A possible solution could be to have in the spikeinterface.curation
a ModelBasedCuration
abstract class that would look as follows:
class ModelBasedCuration:
requirements = None
def __init__(required_metrics, model_path):
self.model_path = model_path
self.required_metrics = required_metrics
self.instantiated_models = dict()
def instantiate_model(self):
raise NotImplementedError
def apply(self, sorting_analyzer, return_probabilities=True):
raise NotImplementedError
def compute_missing_metrics(self):
raise NotImplementedError
@staticmethod
def check_installed():
if self.requirements is not None:
for req in requirements: # check installation
# optional
@staticmethod
def train(...):
raise NotImplementedError
Then the pretrained model could just inherit from this:
class PreTrainedSklearnCuration(ModelBasedCuration):
requirements = ["sklearn", "xgboost", ...]
def __init__(required_metrics, model_path):
ModelBasedCuration.__init__(required_metrics, model_path)
def load_model(self):
self.instantiated_models["noise-neuron"] = pickle.load(model_path / "noise-neuron.pkl")
self.instantiated_models["sua-mua"] = pickle.load(model_path / "sua-mua.pkl")
def apply(self, sorting_analyzer, return_probabilities=True):
compute_missing_metrics(sorting_analyzer)
metrics = ...
noise_neuron = self.instantiated_models["noise-neuron"].predict(metrics)
...
if return_probabilities:
return predictions, prediction_probabilities
else:
return predictions
How does that sound? @anoushkajain @Antho2422 @samuelgarcia
Yes, looks good. I will start working on it.
@anoushkajain do you want to link your PR to this issue?

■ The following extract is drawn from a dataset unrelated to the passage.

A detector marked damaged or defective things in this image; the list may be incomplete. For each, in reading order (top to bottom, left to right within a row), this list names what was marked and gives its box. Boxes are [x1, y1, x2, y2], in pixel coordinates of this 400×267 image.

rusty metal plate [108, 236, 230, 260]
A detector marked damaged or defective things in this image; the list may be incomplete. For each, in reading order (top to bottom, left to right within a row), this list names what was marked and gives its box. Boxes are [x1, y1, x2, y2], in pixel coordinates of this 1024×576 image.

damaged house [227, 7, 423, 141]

Hello Spikeinterface team,
We’ve been working on extracting single-neuron activity from Neuropixels data, which often requires extensive manual evaluation of spike clusters.

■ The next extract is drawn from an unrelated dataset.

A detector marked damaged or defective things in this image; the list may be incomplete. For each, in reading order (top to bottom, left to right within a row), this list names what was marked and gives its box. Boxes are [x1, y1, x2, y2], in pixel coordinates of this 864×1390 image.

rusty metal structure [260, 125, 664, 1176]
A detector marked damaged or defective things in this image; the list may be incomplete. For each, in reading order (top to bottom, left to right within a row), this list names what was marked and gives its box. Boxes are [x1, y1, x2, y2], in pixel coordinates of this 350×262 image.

To streamline this process, we have developed a machine-learning pipeline that employs quality metrics and human labels to classify units into Single-Unit Activity (SUA), Multi-Unit Activity (MUA), and Noise, to reduce curation time and improve the reproducibility of the results.

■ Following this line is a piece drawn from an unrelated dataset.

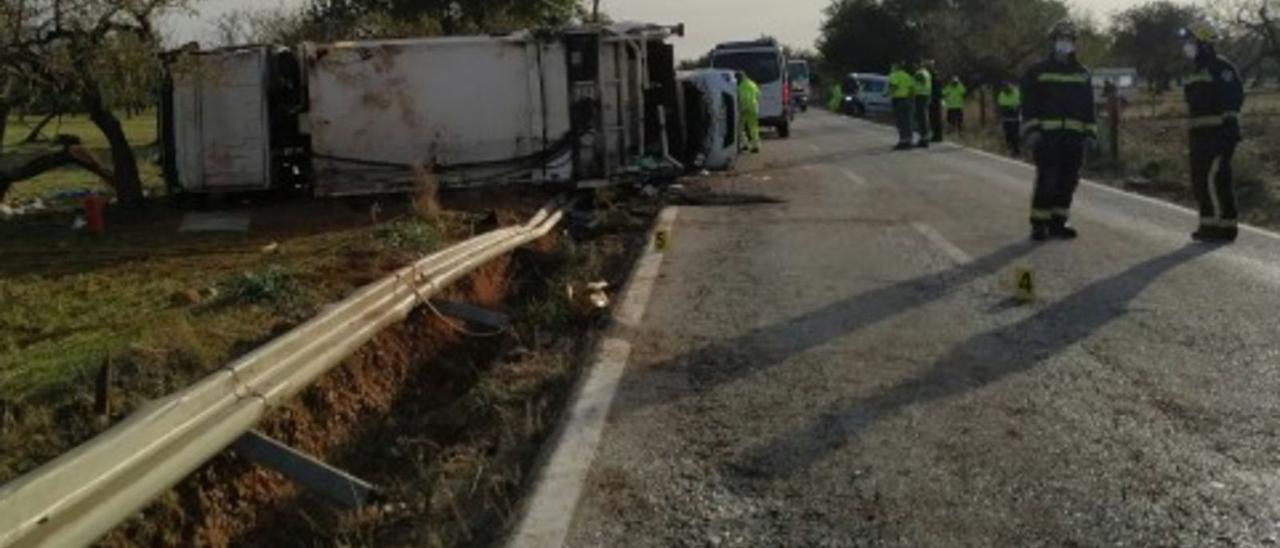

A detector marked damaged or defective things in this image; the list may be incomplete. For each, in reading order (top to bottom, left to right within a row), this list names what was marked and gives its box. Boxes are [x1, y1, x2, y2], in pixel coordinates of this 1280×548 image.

overturned truck [167, 24, 701, 198] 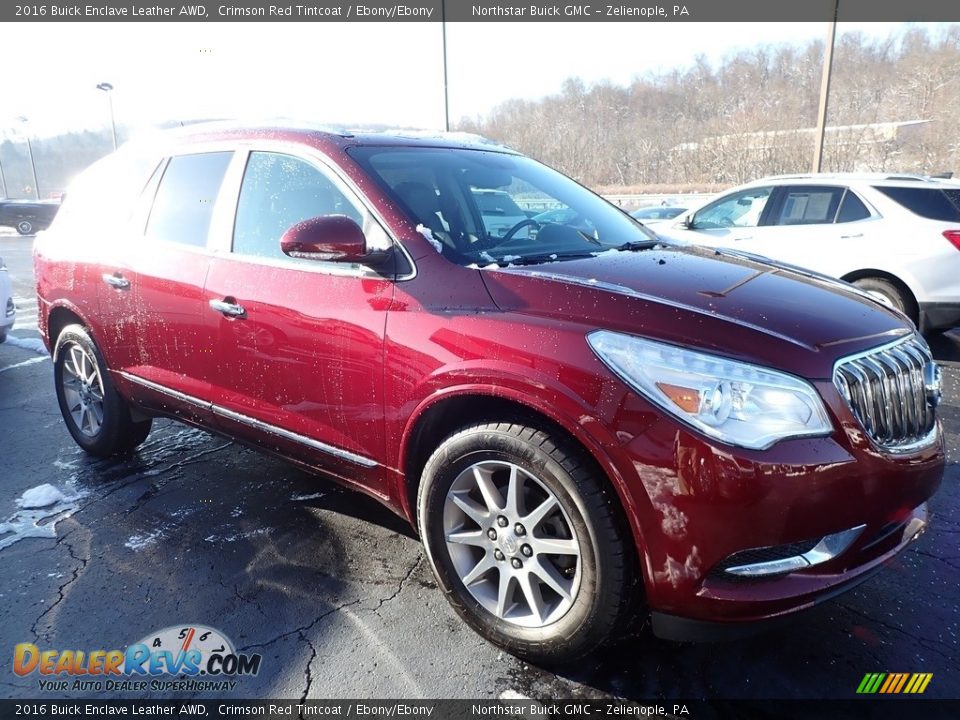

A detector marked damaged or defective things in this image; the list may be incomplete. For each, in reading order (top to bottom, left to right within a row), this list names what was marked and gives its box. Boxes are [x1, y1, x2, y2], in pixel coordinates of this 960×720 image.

cracked asphalt [0, 232, 956, 704] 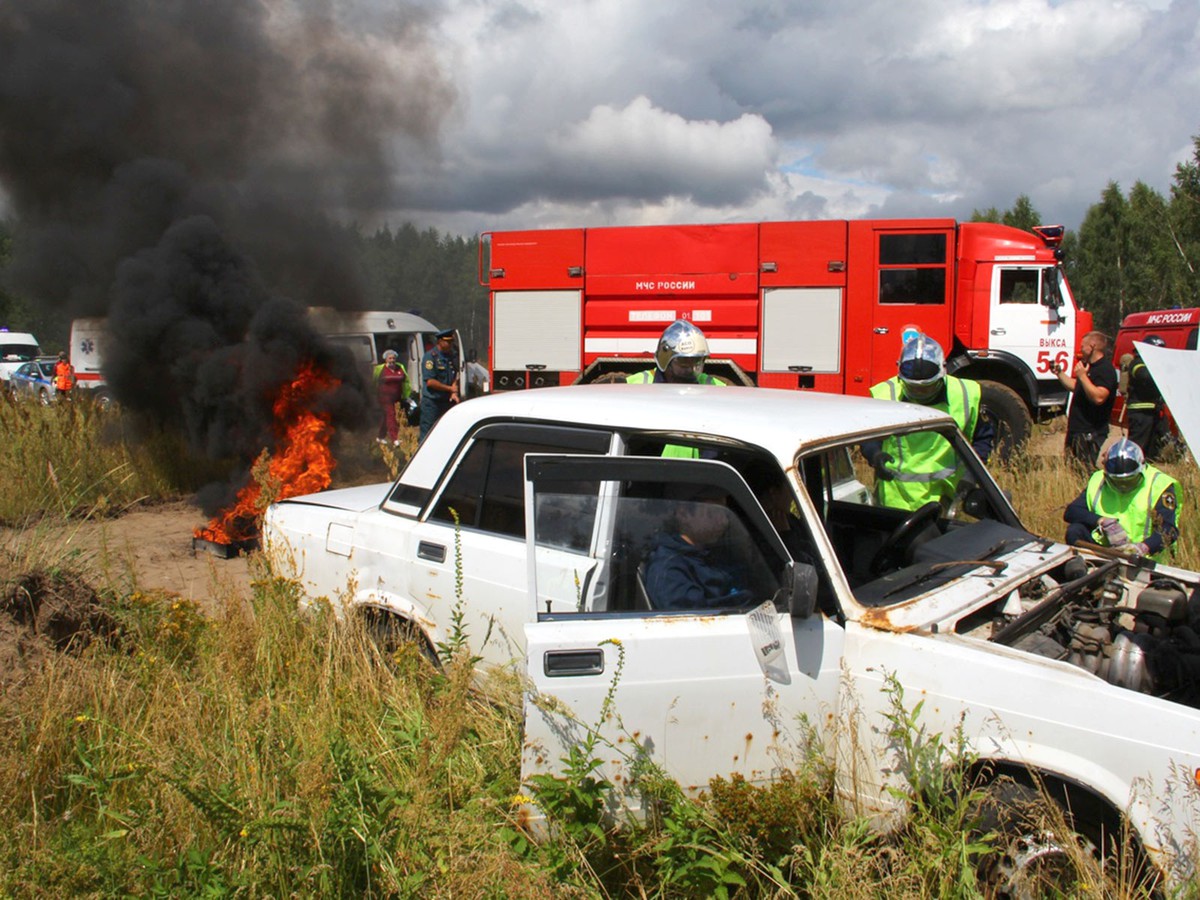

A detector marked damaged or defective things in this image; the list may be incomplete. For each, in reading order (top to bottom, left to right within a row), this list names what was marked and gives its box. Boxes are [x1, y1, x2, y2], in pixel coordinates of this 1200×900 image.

I have attached a sorting view that shows the output of the decoder: https://figurl.org/f?v=gs://figurl/sortingview-11&d=sha1://f709f74add515e23062e3952076602e40d3e86ce
As previously discussed with Alessio, we want to integrate this approach into the curation module of SpikeInterface. I am initiating this issue to start our discussion on the next steps towards this integration.